Red Robin Gourmet Burgers on Monday reported better-than-expected third-quarter earnings, saying ongoing brand transformation efforts gaining traction.
For the quarter ended Sept. 30, Red Robin reported net income of $3.5 million, or 24 cents per share, compared with $2.1 million, or 14 cents per share, a year ago — a 70-percent increase. However, adjusting for severance and executive transition expenses of $3.7 million last year, earnings per share were about flat at 24 cents.
Revenues rose 3.4 percent to $213.3 million on a same-store-sales increase of 1.1 percent at company-owned restaurants, largely as a result of increases in traffic, the company said. For the year, Red Robin officials predicted same-store sales growth of 0.5 percent.
Steve Carley, Red Robin’s chief executive officer, touted the success of the chain’s new Tavern Double platform, saying it has been the most successful product launch in Red Robin’s history.
The innovative flavors and “everyday value” of the $6.99 burger line with $1 upgrade options helped boost traffic during a competitive quarter, as did the chain’s new loyalty program, which now has 1.9 million members.
The chain has continued to grow its bar business, which now accounts for 7.2 percent of sales. After hiring a mixologist earlier this year to revamp bar offerings, the debut in September of the Samuel Adams Octoberfest milkshake sparked more public relations impressions in one month than some legacy promotions have in a year, noted Denny Marie Post, Red Robin’s senior vice president and chief marketing officer.
Changes to come
The company is expected to bring in a new advertising partner before the year’s end, which will also lead to some marketing strategy changes next year, Post said.

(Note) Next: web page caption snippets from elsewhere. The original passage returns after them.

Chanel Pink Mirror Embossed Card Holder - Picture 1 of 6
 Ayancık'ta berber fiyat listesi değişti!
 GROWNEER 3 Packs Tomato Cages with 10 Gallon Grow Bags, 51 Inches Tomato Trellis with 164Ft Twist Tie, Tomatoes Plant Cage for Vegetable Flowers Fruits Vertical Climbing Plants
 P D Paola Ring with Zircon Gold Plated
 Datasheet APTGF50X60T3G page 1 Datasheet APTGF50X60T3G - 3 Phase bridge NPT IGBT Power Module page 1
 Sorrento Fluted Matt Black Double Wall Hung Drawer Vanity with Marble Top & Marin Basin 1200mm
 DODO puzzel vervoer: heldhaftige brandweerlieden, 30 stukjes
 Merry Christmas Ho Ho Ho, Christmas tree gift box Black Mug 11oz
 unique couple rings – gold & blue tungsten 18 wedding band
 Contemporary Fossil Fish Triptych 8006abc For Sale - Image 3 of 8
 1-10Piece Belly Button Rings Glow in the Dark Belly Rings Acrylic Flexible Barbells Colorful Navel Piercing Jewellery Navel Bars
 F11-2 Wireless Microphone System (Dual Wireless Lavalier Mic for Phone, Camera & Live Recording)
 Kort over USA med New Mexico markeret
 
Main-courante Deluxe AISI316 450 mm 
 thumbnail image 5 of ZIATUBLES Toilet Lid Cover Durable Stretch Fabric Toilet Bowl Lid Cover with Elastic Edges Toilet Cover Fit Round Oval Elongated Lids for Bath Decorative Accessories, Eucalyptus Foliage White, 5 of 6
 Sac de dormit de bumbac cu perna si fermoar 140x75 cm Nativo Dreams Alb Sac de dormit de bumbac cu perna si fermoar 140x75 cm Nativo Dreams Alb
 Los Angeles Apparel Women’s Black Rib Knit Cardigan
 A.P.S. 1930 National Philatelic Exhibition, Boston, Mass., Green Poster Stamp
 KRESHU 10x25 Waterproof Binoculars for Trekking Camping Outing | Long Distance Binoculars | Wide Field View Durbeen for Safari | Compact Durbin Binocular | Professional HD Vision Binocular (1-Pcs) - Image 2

Red Robin is also testing new menu items — particularly appetizers and desserts — to build sales around the core burger platform, she said. “We are just starting to rock and roll,” she said.
Carley said Red Robin in the fourth quarter will test various investment options for further transformation of restaurants, including changes to the physical space, uniforms, service, menu and food presentation.
Over the next year, the company will use those restaurants as laboratories to see what works best as the brand continues revitalization efforts.
Meanwhile, cost-cutting measures have continued and Carley said no rock would remain unturned to find ways to save without impacting the guest experience.
The company expects to save $120,000 annually by changing the spec for the appearance of onions chopped into salsa, for example. Another $200,000 in annualized savings is expected from a change in to-go meal packaging. And Carley said the company will save $500,000 by switching to washable, reusable kids cups.
At the end of the quarter, there were 331 company owned Red Robin restaurants and 132 franchised locations, as well as five of the chain’s smaller-format, fast-casual Burger Works units.
Carley said the company will continue to growth the Burger Works brand in college campuses, airports, stadiums and other urban locations. Five more are expected to open next year.